Bremond adapts to the demands of his American customers, 90% of them locals, he says. But he has limits: he stopped making deliveries through Seamless in January, even though that meant losing some business.

“Our cuisine doesn’t travel well,” he says. “I think it’s strange to have escargots delivered. It’s doable, but the temperature is different, and the presentation is not the same.”

Back at By Suzette, a mechanical voice announces: “New Seamless order” every ten minutes or so, and a bicycle is parked in front of the shop, ready for deliveries. Rodrigues and Blanchard have plans to open five new By Suzette shops, three in Manhattan and two in malls in New Jersey and Philadelphia.
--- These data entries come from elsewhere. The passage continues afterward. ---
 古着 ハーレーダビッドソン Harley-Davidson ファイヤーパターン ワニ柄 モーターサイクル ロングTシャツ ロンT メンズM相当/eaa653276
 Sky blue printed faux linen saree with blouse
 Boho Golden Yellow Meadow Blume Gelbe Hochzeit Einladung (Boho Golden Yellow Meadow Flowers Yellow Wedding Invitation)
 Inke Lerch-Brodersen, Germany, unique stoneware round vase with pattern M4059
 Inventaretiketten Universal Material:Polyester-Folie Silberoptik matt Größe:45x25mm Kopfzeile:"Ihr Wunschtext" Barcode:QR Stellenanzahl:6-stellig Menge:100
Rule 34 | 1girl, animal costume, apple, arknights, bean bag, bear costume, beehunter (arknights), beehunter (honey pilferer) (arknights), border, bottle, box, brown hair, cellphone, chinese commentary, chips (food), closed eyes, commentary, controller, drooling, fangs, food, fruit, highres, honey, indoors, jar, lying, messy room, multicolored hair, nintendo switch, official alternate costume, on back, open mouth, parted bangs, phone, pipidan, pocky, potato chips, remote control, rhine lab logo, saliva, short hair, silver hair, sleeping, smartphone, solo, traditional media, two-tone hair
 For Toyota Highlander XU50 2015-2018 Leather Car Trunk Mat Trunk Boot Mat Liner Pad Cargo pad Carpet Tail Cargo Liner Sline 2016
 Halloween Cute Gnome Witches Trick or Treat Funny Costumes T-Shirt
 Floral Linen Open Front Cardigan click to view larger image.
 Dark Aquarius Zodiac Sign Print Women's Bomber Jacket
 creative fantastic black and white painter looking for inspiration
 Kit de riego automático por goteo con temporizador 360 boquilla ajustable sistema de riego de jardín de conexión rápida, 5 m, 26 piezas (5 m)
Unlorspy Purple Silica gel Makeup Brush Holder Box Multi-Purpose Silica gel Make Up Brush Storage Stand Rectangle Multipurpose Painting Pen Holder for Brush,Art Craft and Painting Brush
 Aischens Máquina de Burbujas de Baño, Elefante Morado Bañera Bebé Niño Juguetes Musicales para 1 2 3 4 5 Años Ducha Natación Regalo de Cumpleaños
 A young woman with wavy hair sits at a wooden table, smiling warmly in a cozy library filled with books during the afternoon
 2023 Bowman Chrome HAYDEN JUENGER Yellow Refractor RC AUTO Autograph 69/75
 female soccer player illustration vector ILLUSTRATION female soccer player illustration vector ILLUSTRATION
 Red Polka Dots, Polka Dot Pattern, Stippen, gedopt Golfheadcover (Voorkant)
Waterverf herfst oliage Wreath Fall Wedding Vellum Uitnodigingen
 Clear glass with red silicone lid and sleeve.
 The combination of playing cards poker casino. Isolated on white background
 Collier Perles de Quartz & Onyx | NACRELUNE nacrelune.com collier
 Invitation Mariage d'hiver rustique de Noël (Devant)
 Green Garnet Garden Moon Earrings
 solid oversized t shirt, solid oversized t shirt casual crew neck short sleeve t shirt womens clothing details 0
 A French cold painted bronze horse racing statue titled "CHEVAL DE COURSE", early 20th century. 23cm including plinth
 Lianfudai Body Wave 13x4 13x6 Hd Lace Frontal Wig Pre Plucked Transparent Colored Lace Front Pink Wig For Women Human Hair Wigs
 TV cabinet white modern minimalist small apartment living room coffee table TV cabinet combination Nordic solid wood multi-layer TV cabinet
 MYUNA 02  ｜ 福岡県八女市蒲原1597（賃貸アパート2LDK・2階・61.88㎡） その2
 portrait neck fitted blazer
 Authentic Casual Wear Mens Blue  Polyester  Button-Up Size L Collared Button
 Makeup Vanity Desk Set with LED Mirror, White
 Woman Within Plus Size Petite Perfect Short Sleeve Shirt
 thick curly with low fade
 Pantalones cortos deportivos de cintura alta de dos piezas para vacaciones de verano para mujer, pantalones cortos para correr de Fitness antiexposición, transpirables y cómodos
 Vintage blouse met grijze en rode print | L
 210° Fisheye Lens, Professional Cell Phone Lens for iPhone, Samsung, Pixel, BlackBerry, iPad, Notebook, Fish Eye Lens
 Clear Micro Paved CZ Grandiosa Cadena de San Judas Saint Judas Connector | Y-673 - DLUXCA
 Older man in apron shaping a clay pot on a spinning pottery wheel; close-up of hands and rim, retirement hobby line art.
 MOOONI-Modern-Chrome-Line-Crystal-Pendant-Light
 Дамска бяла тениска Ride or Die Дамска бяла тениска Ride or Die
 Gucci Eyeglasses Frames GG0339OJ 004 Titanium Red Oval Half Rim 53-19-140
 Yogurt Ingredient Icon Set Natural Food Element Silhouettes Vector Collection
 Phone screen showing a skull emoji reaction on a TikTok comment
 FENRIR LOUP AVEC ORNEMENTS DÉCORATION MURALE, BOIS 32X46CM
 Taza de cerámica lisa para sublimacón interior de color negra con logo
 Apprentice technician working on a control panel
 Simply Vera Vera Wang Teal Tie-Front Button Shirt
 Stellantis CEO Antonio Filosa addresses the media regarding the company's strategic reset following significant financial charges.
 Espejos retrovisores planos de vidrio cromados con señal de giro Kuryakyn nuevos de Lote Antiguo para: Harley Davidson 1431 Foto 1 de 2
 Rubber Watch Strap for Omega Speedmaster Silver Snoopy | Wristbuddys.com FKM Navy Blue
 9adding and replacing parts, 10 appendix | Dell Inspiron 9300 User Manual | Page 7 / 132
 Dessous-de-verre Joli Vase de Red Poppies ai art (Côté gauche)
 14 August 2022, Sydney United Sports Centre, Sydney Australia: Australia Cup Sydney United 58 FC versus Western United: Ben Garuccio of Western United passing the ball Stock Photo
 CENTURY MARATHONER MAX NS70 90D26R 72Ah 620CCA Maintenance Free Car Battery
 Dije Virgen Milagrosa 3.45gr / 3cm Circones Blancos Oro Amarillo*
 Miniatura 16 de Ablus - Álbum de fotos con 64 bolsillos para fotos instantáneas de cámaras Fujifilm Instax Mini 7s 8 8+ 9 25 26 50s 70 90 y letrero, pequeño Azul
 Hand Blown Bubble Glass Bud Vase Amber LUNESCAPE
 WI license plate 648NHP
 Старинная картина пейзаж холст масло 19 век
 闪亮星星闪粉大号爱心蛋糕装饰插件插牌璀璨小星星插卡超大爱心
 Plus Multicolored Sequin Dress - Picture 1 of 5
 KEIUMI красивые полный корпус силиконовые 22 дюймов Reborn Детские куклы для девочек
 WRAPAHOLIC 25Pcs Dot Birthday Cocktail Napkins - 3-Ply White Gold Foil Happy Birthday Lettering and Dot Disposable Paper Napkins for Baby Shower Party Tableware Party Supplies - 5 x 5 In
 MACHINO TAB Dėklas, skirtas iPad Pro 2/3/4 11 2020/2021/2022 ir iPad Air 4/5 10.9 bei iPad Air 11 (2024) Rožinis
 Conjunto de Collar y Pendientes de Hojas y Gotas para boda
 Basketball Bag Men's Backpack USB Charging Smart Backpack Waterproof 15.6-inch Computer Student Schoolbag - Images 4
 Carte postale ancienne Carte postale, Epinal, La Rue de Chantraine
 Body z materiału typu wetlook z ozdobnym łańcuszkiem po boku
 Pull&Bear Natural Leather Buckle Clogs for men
Spring could be a promising time for French restaurants in New York. Two of them made it into Eater’s list of the 23 most anticipated new establishments in the city for the season: Rebelle and La Gamelle, located almost directly across from each other on Bowery. The third one is Ansel’s new bakery in the West Village, the Dominique Ansel Kitchen, which runs as a restaurant kitchen and serve desserts made to order.

Rebelle is one of two upcoming French restaurants on Bowery. Photo: Clemence Michallon.

Rebelle is one of two upcoming French restaurants on Bowery. Photo: Clemence Michallon.

 

McBride spent ten days in France in February doing research for a future restaurant in the financial district. He cannot tell yet what French classics will be on the menu (“those are secrets”), but he knows this new restaurant will be “even more French” than Cherche Midi.

“I have done French food half of my life. It’s food I have grown up to love, because I have been cooking it for so long,” he says. “And even though I’ve cooked it for as long as I have, I still like to have a cup of French onion soup every once in a while.” This particular French dish, he says, is both simple and soul warming.